• **TO DO**:
Whatever appears in the records, retype it exactly, except for the pictures.

————————

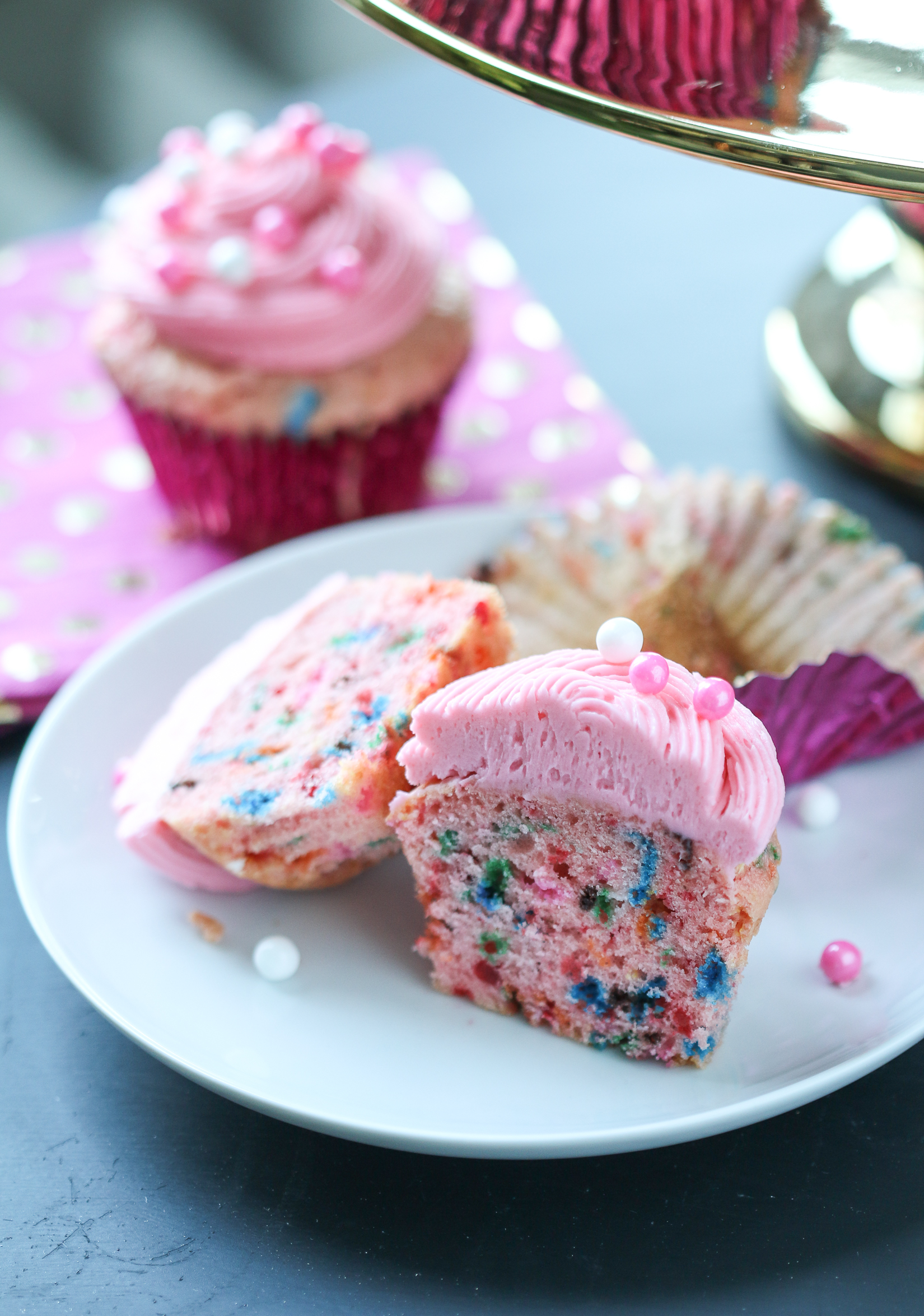 Pink funfetti cupcake cut in half on a white plate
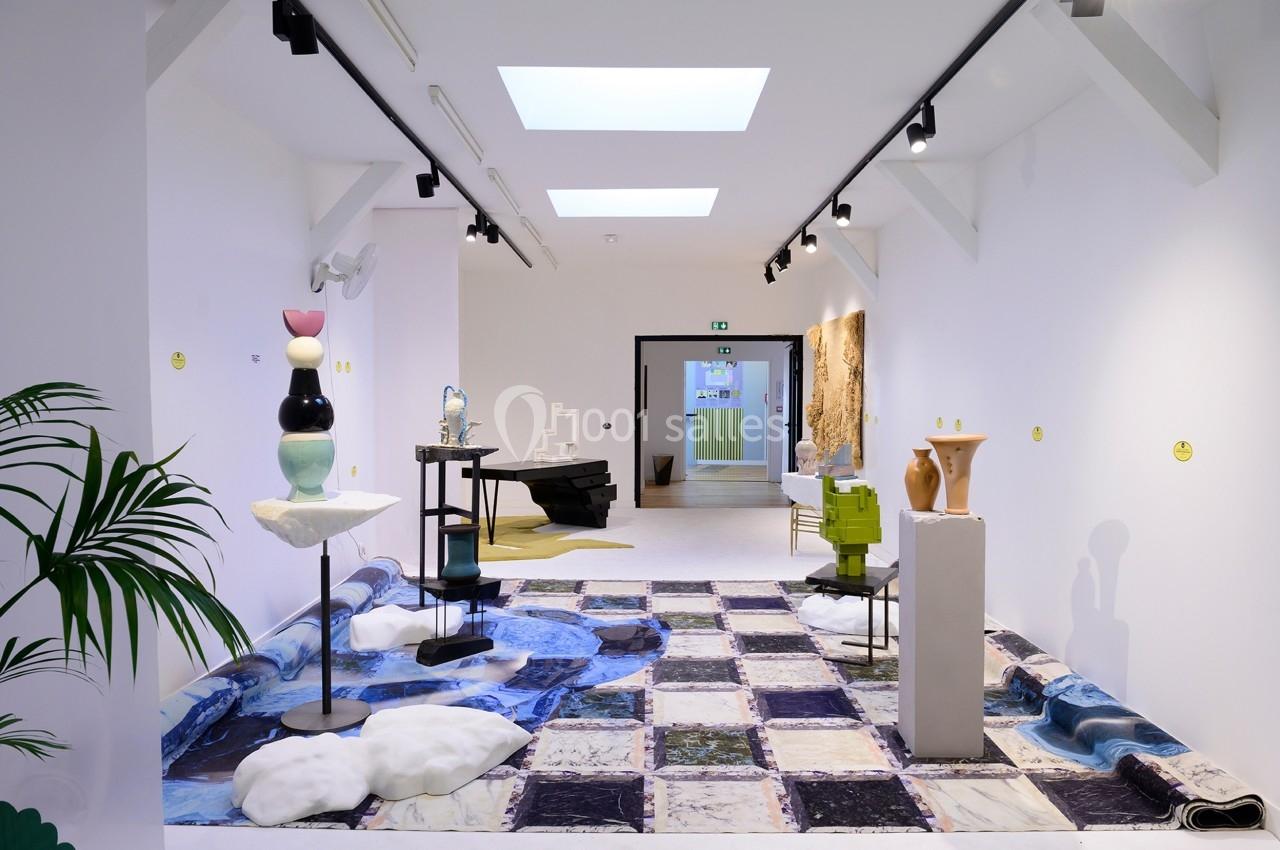 Vue d'une galerie d'art moderne avec sculptures et installations sur un sol à motifs marbrés.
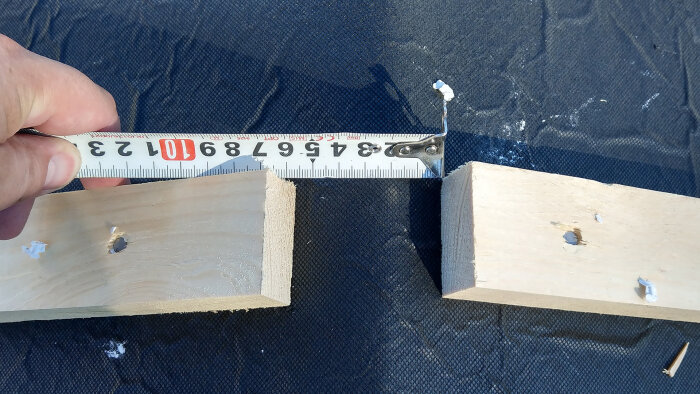 Hand håller måttband över träbitar med spikhål, mäter avstånd, byggprojekt, blå textilbakgrund.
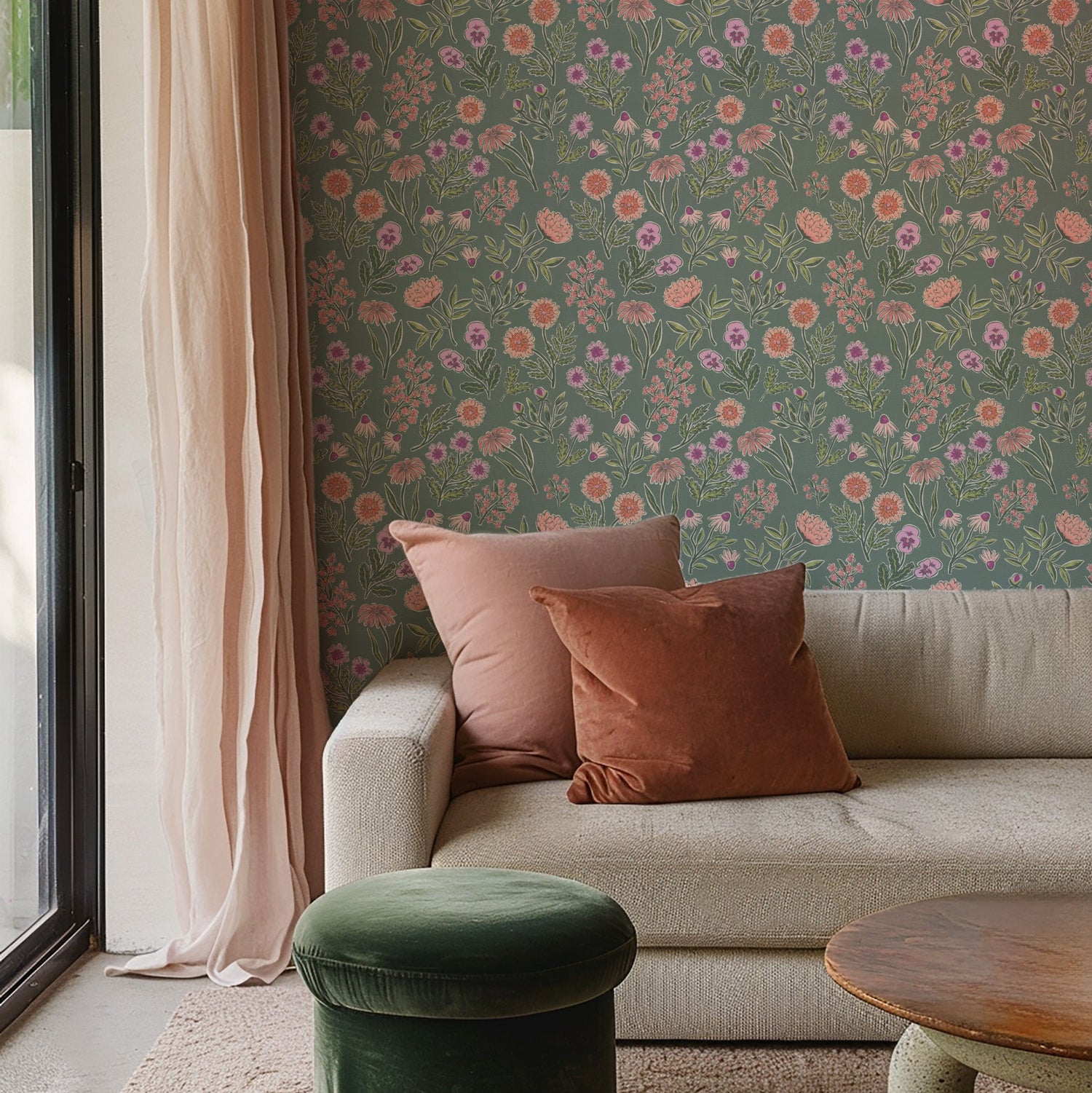 Sofa with pink and brown cushions against a floral wallpaper wall.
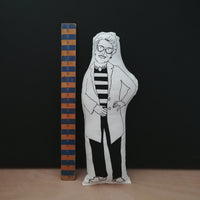 Black and white screen printed fabric doll cushion featuring The Great British Bake Off and judge, Prue Leith. Stands against a black background on a light wood table. To the left is a wooden ruler.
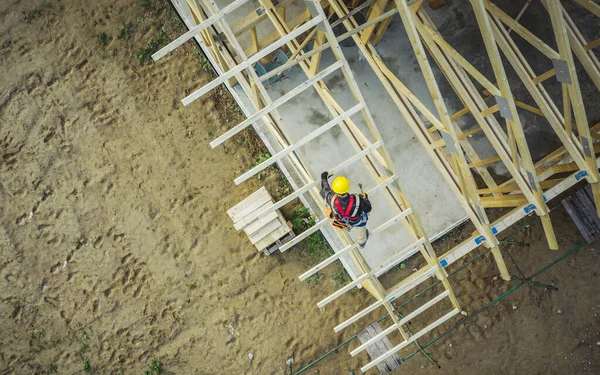 Aerial View of Construction Worker in Yellow Hard Hat Working on Residential Building Wooden Roof Truss to Build a Frame for Roof Covering. Domestic Construction Industry Theme.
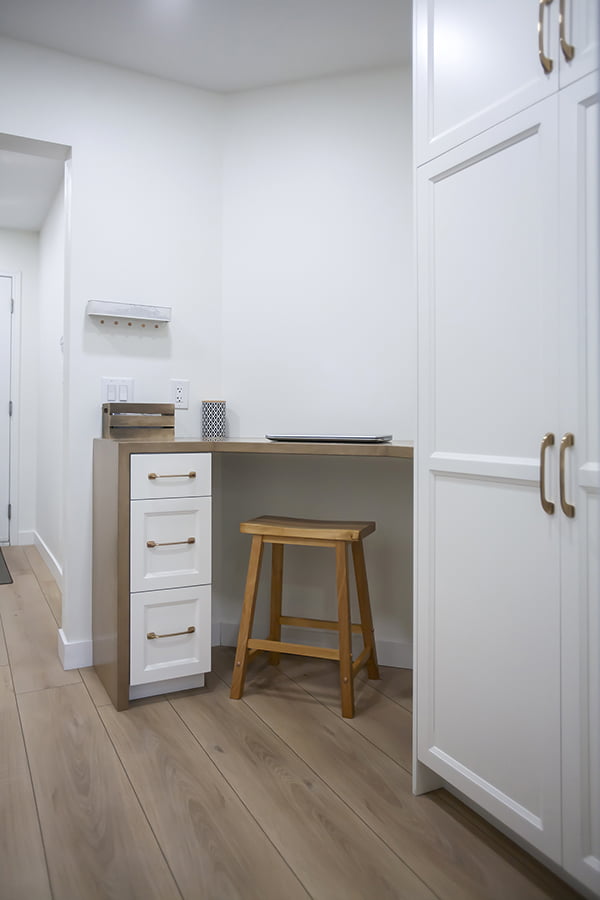 Design Home Reno command centre with work space and custom cabinets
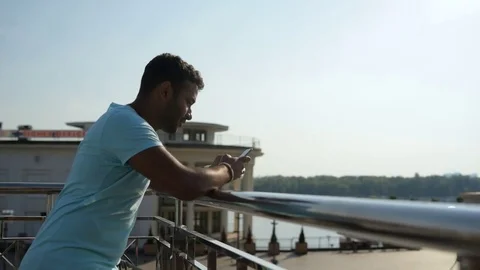Waist up of positive Indian man leaning on the railing Stock Footage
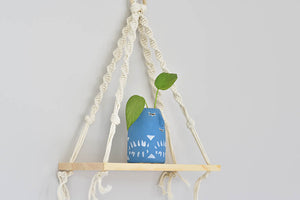 Macrame hanging plant holder with shelf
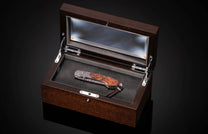 Luxury folding knife with burl wood handle and engraved titanium bolster, displayed in a dark wood presentation box with glass lid.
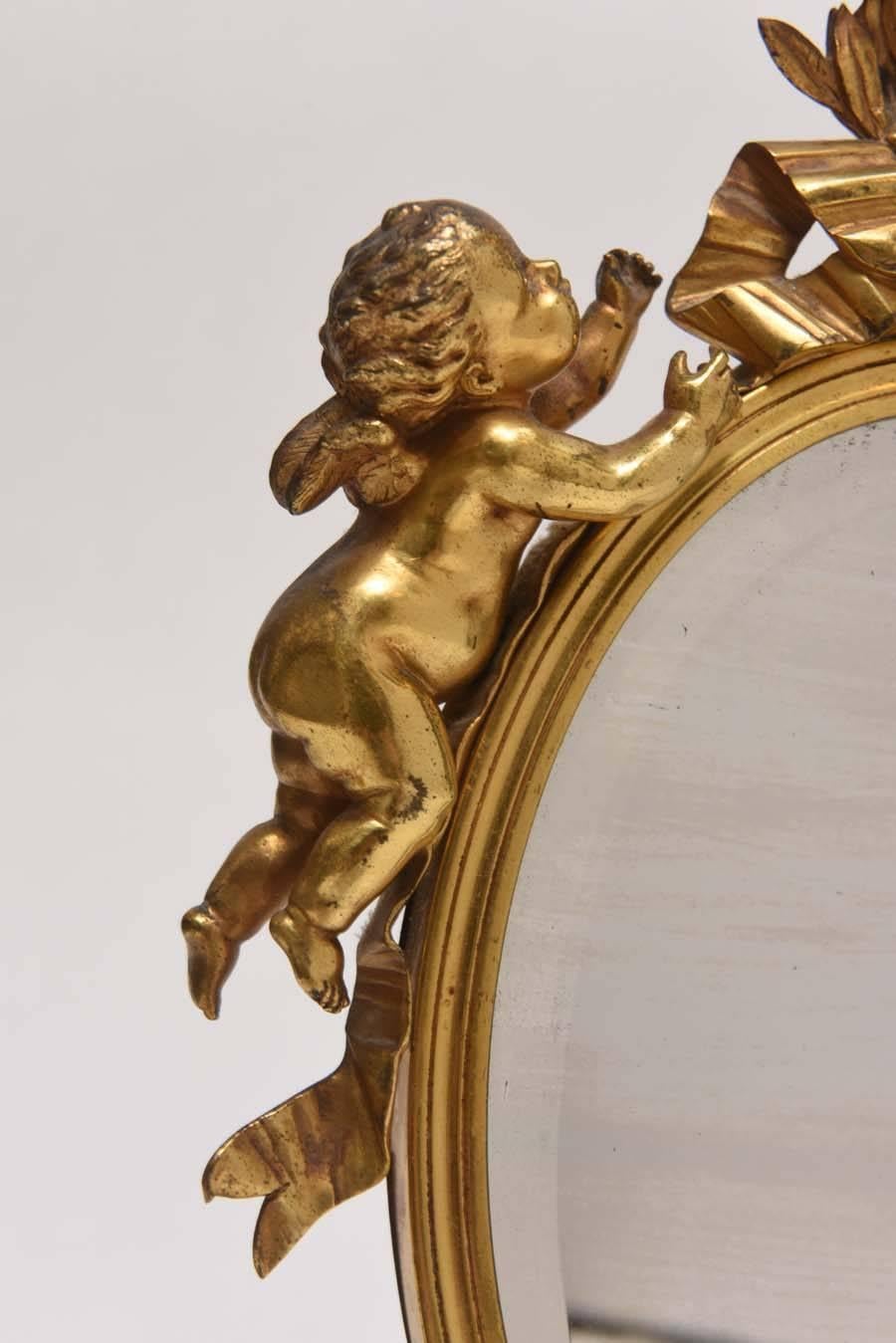 Very sweet Dore bronze vanity mirror adorned with garlands and putti on a Carnelian marble base.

————————

• **TASK OUTPUT**:
 Pink funfetti cupcake cut in half on a white plate
 Vue d'une galerie d'art moderne avec sculptures et installations sur un sol à motifs marbrés.
 Hand håller måttband över träbitar med spikhål, mäter avstånd, byggprojekt, blå textilbakgrund.
 Sofa with pink and brown cushions against a floral wallpaper wall.
 Black and white screen printed fabric doll cushion featuring The Great British Bake Off and judge, Prue Leith. Stands against a black background on a light wood table. To the left is a wooden ruler.
 Aerial View of Construction Worker in Yellow Hard Hat Working on Residential Building Wooden Roof Truss to Build a Frame for Roof Covering. Domestic Construction Industry Theme.
 Design Home Reno command centre with work space and custom cabinets
Waist up of positive Indian man leaning on the railing Stock Footage
 Macrame hanging plant holder with shelf
 Luxury folding knife with burl wood handle and engraved titanium bolster, displayed in a dark wood presentation box with glass lid.
 Very sweet Dore bronze vanity mirror adorned with garlands and putti on a Carnelian marble base.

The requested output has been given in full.